Federal Policy Recommendations from the Bipartisan Policy Center’s DAC Advisory Council

In the years since the Bipartisan Policy Center’s Direct Air Capture Advisory Council published their Federal Policy Recommendations[1] in June 2021, Congress has acted in major bipartisan ways—through the Energy Act of 2020, the Bipartisan Infrastructure Law (BIL), and sections of the Inflation Reduction Act (IRA) that had prior bipartisan support—to support DAC and enabling carbon management[2] infrastructure. While the council is tremendously excited about the opportunities that DAC technologies present toward achieving our shared economic and environmental goals, the DAC industry is still nascent and faces unique challenges that need to be addressed with additional targeted policies.

The DAC Advisory Council has identified the following federal policy recommendations for policymakers in the 118th Congress.
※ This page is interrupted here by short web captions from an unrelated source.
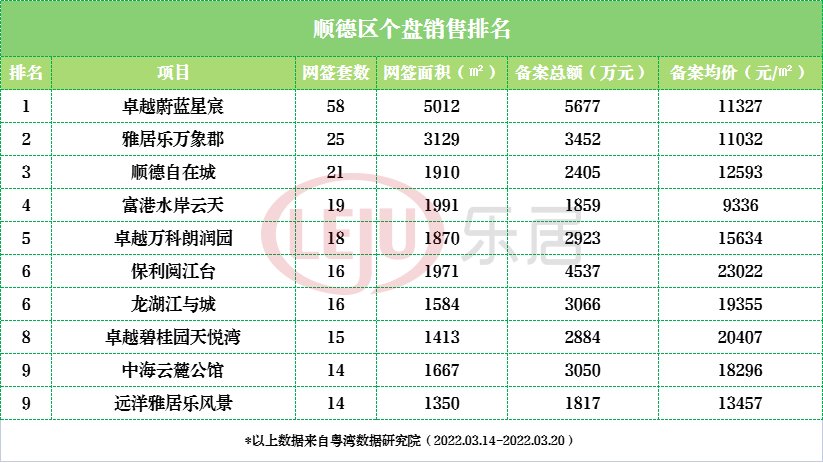 三水|一周榜单：三水7盘发力！保利4盘入围！禅城盘夺冠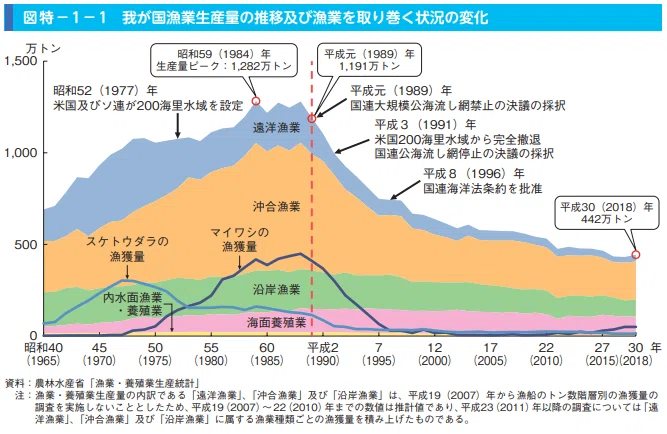 漁業生産の状況の変化（令和元年度水産白書より）｜山中勧／伍魚福社長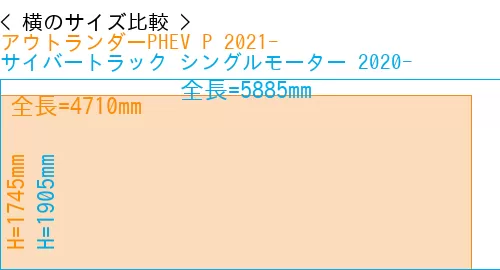 #アウトランダーPHEV P 2021- + サイバートラック シングルモーター 2020-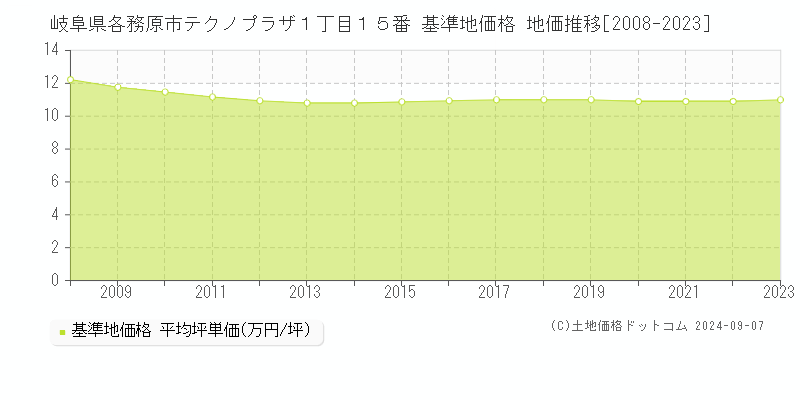 岐阜県各務原市テクノプラザ１丁目１５番 基準地価格 地価推移[2008-2023]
These recommendations are framed around three focus areas and serve as key components for driving successful deployment of DAC in the coming decades:

Focus Area #1: Supporting the full Research, Development, Demonstration, and Deployment (RDD&D) lifecycle of DAC

Focus Area #2: Focusing on long-term revenue certainty

Focus Area #3: Enabling carbon management infrastructure

Focus Area #1: Supporting the full RDD&D lifecycle of DAC 

     1) Position DAC Hubs for growth

Achieving our climate goals requires scaling DAC and carbon dioxide removal (CDR) to the gigaton level, yet less than 10,000 tons of global DAC capacity is currently operational. Although the primary focus of climate policy and investment must continue to be on emissions reductions, a massive scale-up in capacity is necessary this decade to enable the supply chains and cost declines for gigaton-scale carbon removal with DAC in later decades. The BIL’s $3.5 billion for four regional DAC Hubs offers an exciting opportunity for scaling DAC domestically, but achieving scale-up at the hubs requires a sustained prioritization on enabling high volumes of CO2 removal.
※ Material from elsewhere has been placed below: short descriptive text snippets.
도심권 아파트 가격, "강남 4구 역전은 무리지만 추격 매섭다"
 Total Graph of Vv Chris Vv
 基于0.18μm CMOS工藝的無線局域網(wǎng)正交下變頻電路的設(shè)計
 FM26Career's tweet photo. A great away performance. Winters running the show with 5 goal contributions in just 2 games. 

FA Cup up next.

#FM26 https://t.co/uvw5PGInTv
This summer, the Department of Energy is evaluating the first round of DAC Hub applications submitted under the first funding opportunity announcement (FOA), with awards notifications slated for the second half of 2023. The notice of intent (NOI) from mid-2022 signaled that a second round of funding will be solicited in 2024 or later. In the interim period between first project selection and the second FOA, DOE should seek feedback from applicants on how to improve their FOA process for the second round of submissions, with a clear goal of setting up the hubs for long-term success and scale-up.

     2) Fast-track funding for DAC pilots

DOE made clear in their 2022 DAC Hubs NOI that the hubs funding is not intended for technological development of DAC pilots, and is instead reserved for the task of convening, planning, and deploying DAC technologies at scale. While this is a wise strategic use of the hubs funding, a majority of DAC companies today still need to deploy pilot-scale facilities to achieve scale at the hubs in the future. It is critical that DOE and Congress prioritize alternate funding streams for supporting DAC pilots in the coming years.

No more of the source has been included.